DEFAULT_MANIFEST = (
    "multi_task_shared_then_adapt/k_module_problem_balanced_mt_sts.yaml"
)
DEFAULT_RESULTS_DIR = (
    "multi_task_shared_then_adapt/results/k_module_problem_balanced"
)
DEFAULT_OUTPUT_STEM = (
    "multi_task_shared_then_adapt/figures/"
    "k_module_problem_balanced_fixed_b30_budget_sweep"
)

SETTING_RE = re.compile(r"^s(?P<shared>\d+)-a(?P<adapt>\d+)-b(?P<baseline>\d+)-")

MODEL_ORDER = [
    "claude-haiku-4-5",
    "claude-sonnet-4-5",
    "claude-sonnet-4-6",
    "claude-opus-4-5",
    "claude-opus-4-6",
]

MODEL_DISPLAY = {
    "claude-haiku-4-5": "Haiku-4.5",
    "claude-sonnet-4-5": "Sonnet-4.5",
    "claude-sonnet-4-6": "Sonnet-4.6",
    "claude-opus-4-5": "Opus-4.5",
    "claude-opus-4-6": "Opus-4.6",
}


def parse_args() -> argparse.Namespace:
    parser = argparse.ArgumentParser(
        description=(
            "Plot cross-model EMO-STA averages for a fixed-baseline budget sweep."
        )
    )
    parser.add_argument(
        "--manifest",
        default=DEFAULT_MANIFEST,
        help=f"EMO-STA manifest path. Default: {DEFAULT_MANIFEST}",
    )
    parser.add_argument(
        "--results-dir",
        default=DEFAULT_RESULTS_DIR,
        help=f"Results directory. Default: {DEFAULT_RESULTS_DIR}",
    )
    parser.add_argument(
        "--fixed-baseline",
        type=int,
        default=30,
        help="Keep only settings with this baseline iteration count. Default: 30.",
    )
    parser.add_argument(
        "--output-stem",
        default=DEFAULT_OUTPUT_STEM,
        help=(
            "Output path without extension. The script writes .png, .pdf, .svg, and .json. "
            f"Default: {DEFAULT_OUTPUT_STEM}"
        ),
    )
    parser.add_argument(
        "--title",
        default="",
        help=(
            "Optional figure title. Leave empty to omit the title, which is often "
            "better for paper figures."
        ),
    )
    parser.add_argument(
        "--include-shared",
        action="store_true",
        help="Include a third Shared bar per budget.",
    )
    parser.add_argument(
        "--dpi",
        type=int,
        default=300,
        help="Raster output DPI for the PNG. Default: 300.",
    )
    parser.add_argument(
        "--legend-anchor-y",
        type=float,
        default=1.0,
        help=(
            "Optional legend y anchor in axes coordinates. Values above 1.0 "
            "move the legend upward. Default: 1.0."
        ),
    )
    return parser.parse_args()


def parse_budget_from_setting_dir(path: Path) -> tuple[int, int, int] | None:
    match = SETTING_RE.match(path.name)
    if not match:
        return None
    return (
        int(match.group("shared")),
        int(match.group("adapt")),
        int(match.group("baseline")),
    )


def family_label_from_manifest(manifest_path: Path) -> str:
    stem = manifest_path.stem
    if stem.endswith("_mt_sts"):
        stem = stem[: -len("_mt_sts")]
    return stem.replace("_", " ")


def sorted_budget_labels(budgets: list[tuple[int, int, int]]) -> list[tuple[int, int, int]]:
    return sorted(budgets, key=lambda item: (item[0], item[1], item[2]))
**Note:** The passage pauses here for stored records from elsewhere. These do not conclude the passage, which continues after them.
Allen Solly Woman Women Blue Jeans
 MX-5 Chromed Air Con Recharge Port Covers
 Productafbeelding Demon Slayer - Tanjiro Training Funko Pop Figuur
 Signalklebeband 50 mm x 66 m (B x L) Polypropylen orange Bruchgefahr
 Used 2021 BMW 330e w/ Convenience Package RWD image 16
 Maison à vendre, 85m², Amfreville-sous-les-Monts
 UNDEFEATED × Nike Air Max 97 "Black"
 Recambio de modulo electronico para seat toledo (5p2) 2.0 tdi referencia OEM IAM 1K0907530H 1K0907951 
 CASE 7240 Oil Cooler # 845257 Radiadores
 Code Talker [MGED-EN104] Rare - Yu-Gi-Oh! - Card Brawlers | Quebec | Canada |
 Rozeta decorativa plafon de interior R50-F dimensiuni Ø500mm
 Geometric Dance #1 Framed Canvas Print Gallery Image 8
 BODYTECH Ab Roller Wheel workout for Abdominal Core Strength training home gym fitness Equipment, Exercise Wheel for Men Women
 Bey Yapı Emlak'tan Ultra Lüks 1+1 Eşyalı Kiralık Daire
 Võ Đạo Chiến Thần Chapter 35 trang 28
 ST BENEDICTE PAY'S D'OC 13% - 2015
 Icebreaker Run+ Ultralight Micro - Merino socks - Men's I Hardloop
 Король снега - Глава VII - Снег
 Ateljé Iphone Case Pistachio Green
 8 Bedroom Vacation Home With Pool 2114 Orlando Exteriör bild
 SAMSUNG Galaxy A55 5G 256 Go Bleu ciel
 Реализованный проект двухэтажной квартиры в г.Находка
def aggregate_budget_data(
    *,
    repo_root: Path,
    manifest_path: Path,
    results_dir: Path,
    fixed_baseline: int,
) -> list[dict[str, Any]]:
    manifest = rpt.load_manifest(manifest_path)
    task_specs = rpt.family_task_specs(manifest)
    task_count = len(task_specs)

    by_budget: dict[tuple[int, int, int], dict[str, dict[str, float]]] = {}

    for setting_dir in sorted(results_dir.iterdir()):
        if not setting_dir.is_dir():
            continue
        budget = parse_budget_from_setting_dir(setting_dir)
        if budget is None or budget[2] != fixed_baseline:
            continue

        run_roots = rpt.discover_run_roots(
            repo_root=repo_root,
            results_dir=setting_dir,
            explicit_run_roots=None,
        )
        clean_runs = []
        for run_root in run_roots:
            run = rpt.load_run_report(
                run_root,
                repo_root=repo_root,
                manifest_path=manifest_path,
                manifest_family=family_label_from_manifest(manifest_path),
                task_specs=task_specs,
                wandb_entity_override=None,
            )
            if run["health"]["status"] == "ok":
                clean_runs.append(run)
        if not clean_runs:
            continue

        model_name = clean_runs[0]["setting"]["model"]
        shared_values = [run["macro"]["shared_best_score"] for run in clean_runs]
        adapt_values = [run["macro"]["adaptation_mean_score"] for run in clean_runs]
        baseline_values = [run["macro"]["baseline_mean_score"] for run in clean_runs]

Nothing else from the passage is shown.